Yes, but the adverb usually comes before the verb. So здесь жить is simply to live here. It could answer the question, "What do you think about this city?" But saying жить здесь means that you're stressing where you enjoy living. It could answer the question, "From this list of cities, where do you like living?"
90% of the time you will use the singular or plural third person of the verb (нравится и нравятся). The thing that is liked is in nominative, and the person who likes it is in dative case.
You would only use another conjugation, like нравлюсь, to talk about how someone else likes you (Ей не нравлюсь would be "She doesn't like me", not "I don't like her").
It's like "me gusta" in Spanish or "mir gefällt" in German.
I would say it's even more like "Living here is liked to me" since the "me" is in dative case and not instrumental.
Wiktionary offers "To please" as a second translation, which might even make it easier to remember - "Living here pleases me" (except that sounds a little foreign in English).
The -ся is a reflexive particle, it makes the verb intransitive.
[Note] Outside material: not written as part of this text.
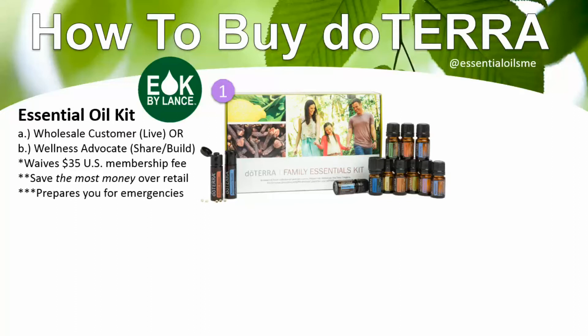A kit helps you be prepared for life's little emergencies, so you'll have these natural solutions within arm's reach. I also offer a wellness consult to go over how to use your oils and maximize your membership, so the oils don't just collect dust. It's so important that you feel empowered to take your health to the next level, especially when stuff pops up.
In simpler terms, it means the thing being liked is going to be in the nominative case and the verb is conjugated based on that thing, and the person or thing doing the liking will be in dative case.
Here you have a verb infinitive (жить) that is being liked. That gets treated like a single third person entity (like "it"), so the verb нравиться is declined accordingly.
You most often see it in the third person singular or plural (нравятся), though you can use it when talking to a person, too (ты мне нравишься).
I hope that clears things up, if not please ask more questions.